Using Google Spreadsheets to combine Twitter and Google Analytics data to find your top content distributors

When you share a link on Twitter there are a number of services, like bit.ly, which allow you to track the impact of the url in terms of the number of clicks it attracts from other users. At the same time there are a number of ways to monitor people sharing links to your site, the most basic being using a Twitter search like this one for hawksey.info. Using these search results you could start extracting the follower information from the person tweeting, workout potential reach and so on, but wouldn’t you like to know, as with your own bit.ly account, how many visits someone else’s tweet generated to your site? Fortunately there is a way to do this and in this post I give you two tools to help you do it and look at why this information might be useful, but lets first look at how it is possible.

Referral Traffic

In August 2011 Twitter started automatically wrapping links over 19 characters in it’s own shortening service t.co, later in October started wrapping all links in t.co. When you start navigating around the web at each page you visit the server generally knows which page you came from (exceptions include direct traffic and when coming from https://). When you click on a t.co link the site can track where you came from, known as referral traffic (interestingly it looks like Twitter also bypass your url shortener of choice by following the redirects until it reaches a final destination and use that link in the t.co redirect). So when you click on a t.co link posted on Twitter I can detect that, that’s where you came from. Furthermore, each time a person tweets a link it gets wrapped in a unique t.co url even if that url has been shortened before with the exception being new style retweets. This means that when someone clicks on a link tweeted by someone I can trace it back to a single person.
Lets see how this works in practice. When I fire up my Google Analytics account and look at referral traffic I can see it’s dominated by t.co sources. Drilling down into the t.co data I can actually see how many visits each t.co link generated.
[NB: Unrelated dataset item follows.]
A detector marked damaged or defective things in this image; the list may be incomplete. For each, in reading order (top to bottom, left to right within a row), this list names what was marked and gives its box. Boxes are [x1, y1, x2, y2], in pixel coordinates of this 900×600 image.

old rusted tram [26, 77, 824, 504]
Searching Twitter for say http://t.co/wEbXrPah allows me to trace it back to this tweet:

#HowTo show a #cool interactive visualization of event hashtags: bit.ly/rtoVa9
— TweetSmarter (@TweetSmarter) February 23, 2012

So we can say this tweet and it subsequent 5 retweets generated 42 visits to my blog. At this point you might be saying but this tweet above has a bit.ly link, there’s no reference to t.co. It may say bit.ly but underneath the hyperlink is t.co:

For some this isn’t news. In fact, Tom Critchlow was writing about how Twitter’s t.co link shortening service is game changing – here’s why way back in August 2011. His post probably has a better explanation of what is happening and also includes a bookmarklet (appears broken after recent Analytics overhaul) which takes the t.co referral path from your Google Analytics report and searches it on Twitter to find out which persons tweet is sending you the traffic.
I thought this was a neat idea but wanted to get the full impact of seeing the visit count associated with a named person. I tried a couple of ways to inject the data using a bookmarklet with no joy so turned to Google Spreadsheets (and in particular Google Apps Script) to marry data from Twitter with Google Analytics. So I give you:

Method 1: Quick 7 day search

*** Twitter/Google Analytics Top Distributor Sheet v1.0 ***
[File > Make a copy for you own version]

With this Google Spreadsheet I can authenticate with my Google Analytics account which then allows me to extract t.co data using the Google Analytics Core Reporting API. I then pass each t.co link to the Twitter Search API to find out who tweeted it first. This is all wrapped in a custom formula getGATwitterRef(startDate, endDate, optional numberOfResults) which generates a table of results like this:

So big thanks go to Brian E. Bennett (@bennettscience) for generating 16 visits, Alberto Cottica (@alberto_cottica), @futuresoup and others for also generating traffic. But who generated the 14 visits? The reason this row is blank is while the link is still generating traffic to my site the link was first tweeted over 7 days ago meaning it is outwith the capabilities of the Twitter Search API.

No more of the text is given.